Hitherto only one monastic order had influenced religious life in Belgium, namely, the Benedictines. In the twelfth century other orders were born—the Cistercians and the Norbertins or Premontrés. The Cistercians, founded by St. Bernard in France, played the part, mainly, of clearers of wild land and of colonizers; they introduced new economic and agricultural methods and exerted a deep influence in economic life. The Premontrés were canons, rather than monks, who passed their time in study and in administering the parishes. But they, too, did much for the colonization of the country, and they transformed into fruit-bearing land the barren soil of the Antwerp Campine.

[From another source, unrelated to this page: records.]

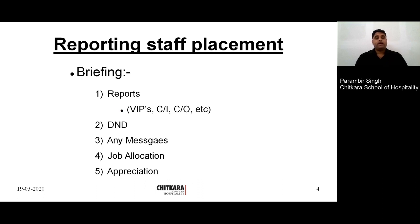Any message — here we discuss about any message from the guest or from staff to the next shift. Messages are basically given in the logbook, and we read them from the logbook during briefing at the start of the shift. Then job allocation — which person goes to which floor. Job allocation is already done in the duty roster, but due to absenteeism or leave, we allocate duties on the spot. Then appreciation — which is very much required by everyone as it helps in morale boosting and should be done in front of everyone.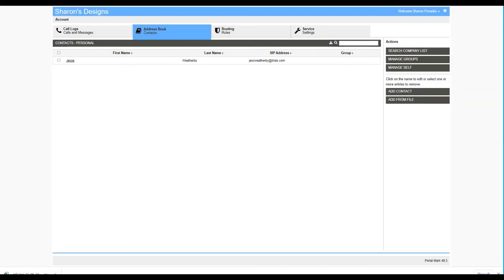Now let's move to the Address Book tab. Here, you can add, manage, or edit your personal address book contacts.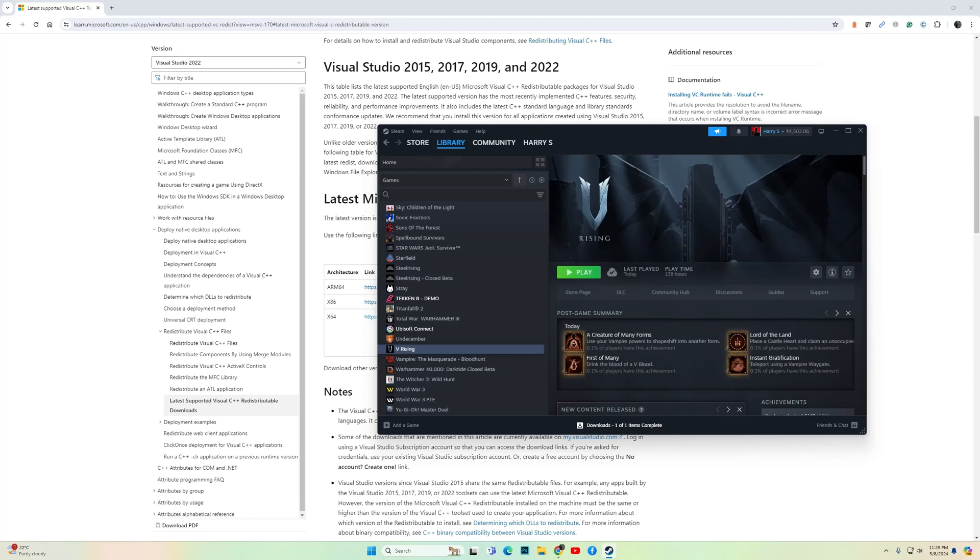Hi guys, if you're playing vRising and you're stuck at the screen where it says press space to skip, I have a simple fix for you that has worked for quite a lot of players and me as well.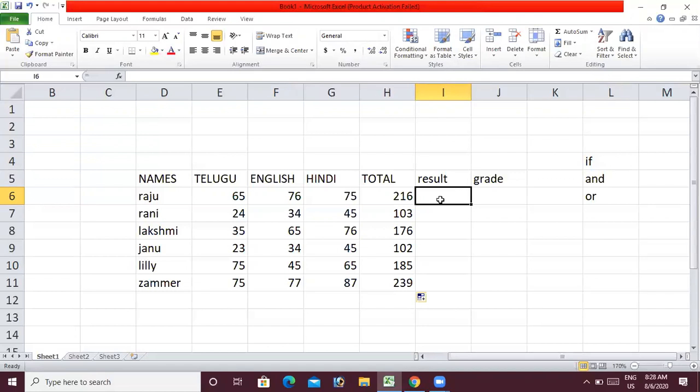The three subjects — Telugu, English, and Hindi — all three conditions must be satisfied. If the student passes all three subjects, they pass. If they fail any subject, they fail.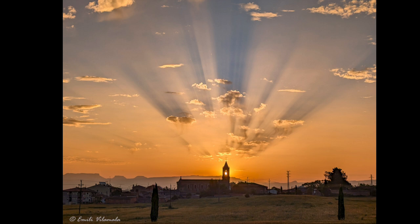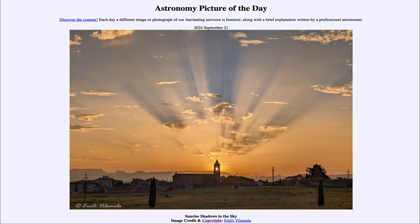So that was our picture of the day for September 21st of 2024, titled Sunrise Shadows in the Sky. We'll be back again tomorrow for the next picture, previewed to be Equinox in the City. We'll see what that's about tomorrow — have a great day, everyone, and I will see you in class.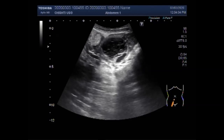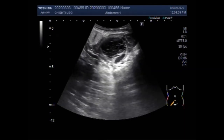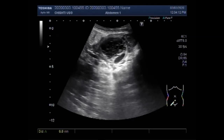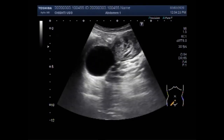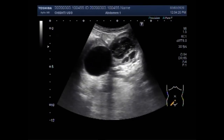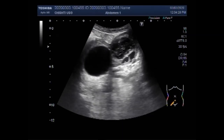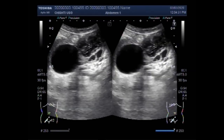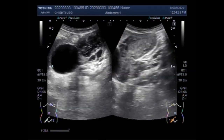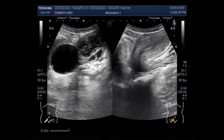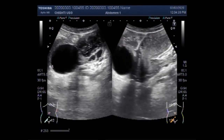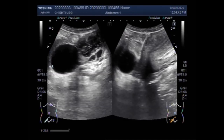Follicular cysts typically dissolve after releasing the egg, but if the sac doesn't dissolve it may cause corpus luteal cysts. Other types of ovarian cysts include dermoid cysts — sac-like growths on the ovaries that can contain hair, fat, and other tissue — cystadenomas, which are non-cancerous growths on the outer surface of the ovaries, and endometriomas, where tissue that normally grows inside the uterus develops outside and attaches to the ovaries.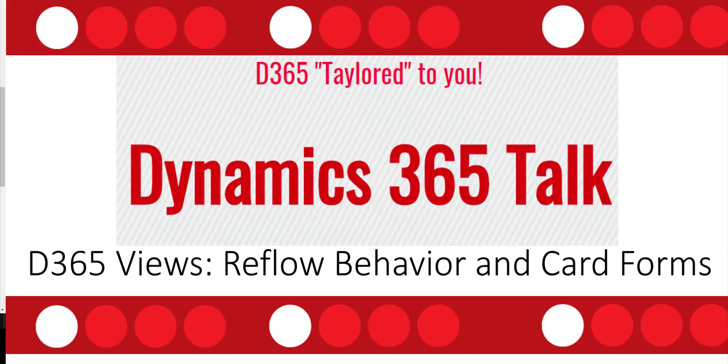Hi and welcome to this video of Dynamics 365 Talk where I'll be talking about configuration options for views in the unified interface. We can add custom controls to views by adding the read-only control and configuring the reflow behavior and the entity card that view will actually use.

The number of parishes increased in the course of the tenth and eleventh centuries. New chapels were founded in cases where the nearest parish church was too far removed, or where a number of people sufficient for the formation of a new parish were to be found dwelling close together. Sometimes the establishment of a new parish was ordered at the instance of a wealthy landlord, and a chapel constructed on the domain of his manor, in order to gratify his desire for better opportunities for attending church. Each chapel was ordinarily granted the right to have its own parish priest, to whom was granted permission to baptize infants and bury the dead in the parish cemetery.

THE CATHEDRAL OF TOURNAI

As for the economic organization, in ante-feudal times there existed an important difference between the country south and that lying north of a line drawn through Boulogne, Saint-Omer, Douai, Mons, and Maestricht. North of this line we find the system of isolated farms; south of the line the system of villages. But during the tenth century the landlords extended their possessions in farm lands as well as in the villages, and the same economic organization, directed by the same principles, prevailed throughout the country. Each domain was divided into two parts: a central part, including the manor of the landlord and that portion of the land exploited by himself by means of unfree “serfs” or agricultural laborers; and another part, surrounding the central domain, divided into small lots, given to free farmers.

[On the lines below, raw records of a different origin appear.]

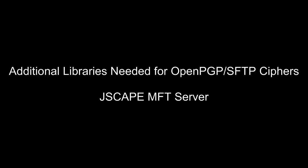Hi, I'm Anthony Bryan, Product Evangelist with JScape. In this video, I'm going to walk you through how to install the additional libraries needed for OpenPGP and SFTP ciphers. These aren't included by default, so you have to download them.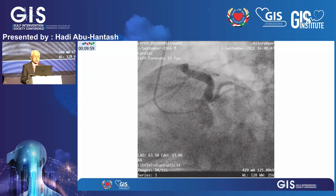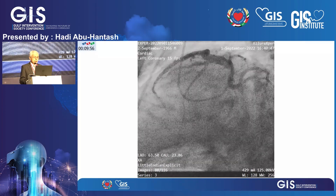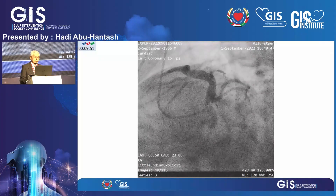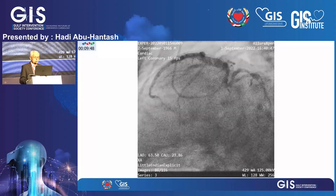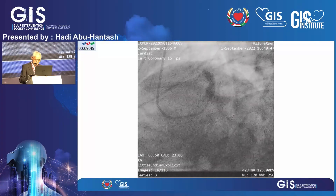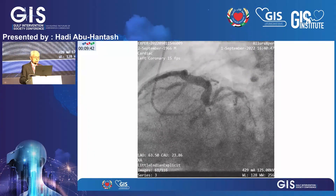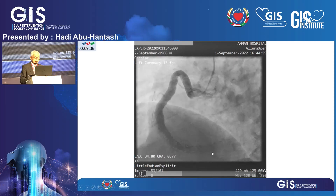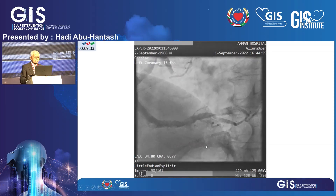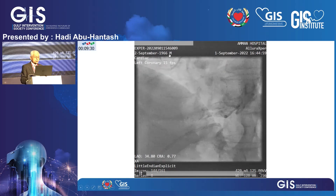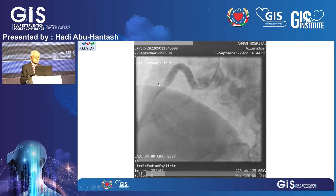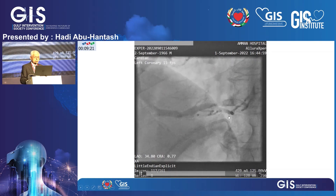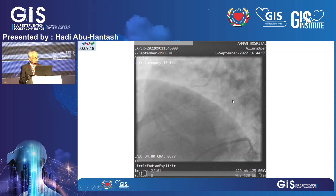Radial approach. I usually use a guiding catheter from the start rather than diagnostic then switching to a guide. The left system showed a large ectasia in the LAD; the circumflex was relatively small with no stenosis. On the right side — he had bariatric surgery in the past — there is a large ectasia in the right coronary artery, and in the posterolateral you can appreciate a huge thrombus sitting there, though the TIMI flow is not bad — more than two.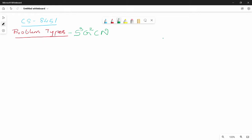Hi friends, so let's talk about the next topic in this unit. In this video, we will cover the problem types in 10 to 15 minutes. Problem types are broadly 7 types in our textbook reference. The keyword to remember them is S³, G², C, N.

The domain of the ecclesiastical landlords, bishops or abbots, was exceedingly well administered and the conditions of life of the people depending upon these landlords were very favorable; the ecclesiastical “serfs” frequently asserted that they preferred their servitude to freedom, as less burdensome than freedom itself. The ecclesiastical “serfs” were grouped in families, familiae, within whose limits justice was administered by the mayor of the community in the name of the abbot.

The lay landlords, on the other hand, were bad administrators. Dealing only with politics and war, they ignored agricultural problems; they did not come into contact with their laborers, and they left with their officers, ministeriales, the care of ruling and judging their servants. They preferred attendance at “tournaments,” which might be regarded as a sort of military training and as a means of learning the profession of bearer of arms. They undertook long and distant journeys in order to fight the knights of Vermandois, Champagne, and Picardy in France. And as a result both Walloons and Flemings came in contact with their French brethren in arms.

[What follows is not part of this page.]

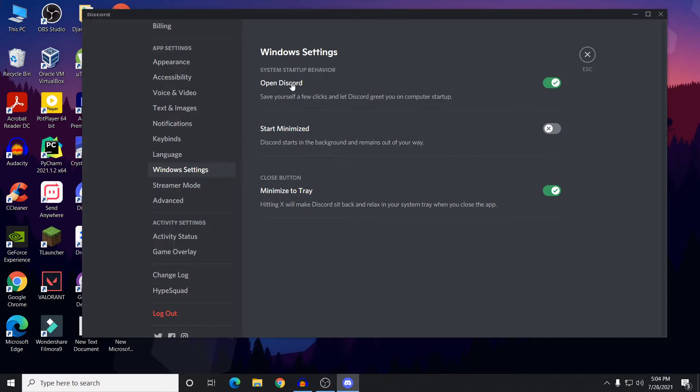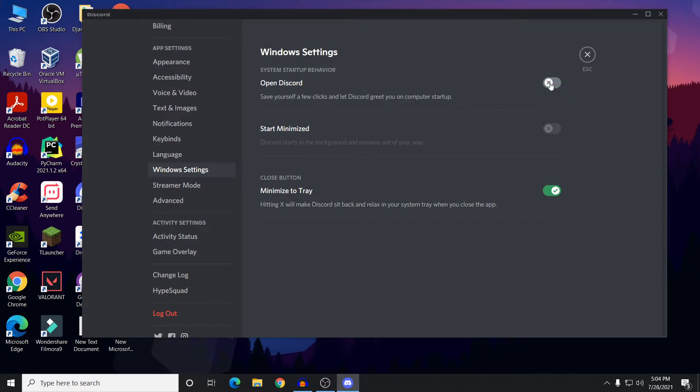In your Windows Settings you would see something like 'Open Discord' - it is turned on. It says 'Save yourself a few clicks and let Discord greet you on computer startup.' So you need to turn this option off.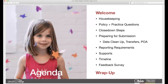This is our agenda for today. We'll talk about some housekeeping items, discuss how you can get your policy and practice questions answered, walk through the close down steps, and talk about what you need to do to prepare for submitting your information and data to the reporting systems. We'll talk about reports, the requirements, how to access those reports, available supports, the timeline for the ELA program, and then answer questions.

The upper landlords, the dukes and counts, gave much attention, however, to the colonization and the economic improvement of the country. Northern and Western Flanders and Northern Brabant were covered with sandy soil and marshes, and thick woods were to be found in some parts as late as the end of the eleventh century. In the early part of that century, the counts of Flanders began to engage the unemployed for agricultural purposes. They turned the unproductive parts of the country into fertile meadows, suitable for pasturing cattle. Canals and dykes were constructed in order to increase the productivity of the soil. In the course of the twelfth century a sturdy populace of land laborers was attracted into Germany by the landlords of the countries of Bremen, Holstein, Thuringia, and Silesia. It was the Flemings and the people of Brabant who colonized the right bank of the river Elbe and who turned the marshes of Eastern Germany into fertile soil. Many villages still remind us today of those Flemings, and are still known as Flämingdörfer.

On the Flemish seacoast the people were engaged in raising cattle, especially sheep and cows; another large element was employed in herring and cod fishing in the North Sea. These people were mostly of Frisian or Saxon origin; they were not descendants of the Franks. They spoke another language; they had other customs and laws; they were socially free men. When the French influence increased in Flanders, they alone retained their Germanic characteristics, and it was among them, in the fourteenth century, that were found the fiercest opponents of France.

As affecting the artistic life of Belgium in the tenth and eleventh centuries, we find the same influences at work which have been mentioned as operative in political and religious spheres. The Romance and Germanic ideas were absorbed, mixed, and transformed by the Belgian artists of that time.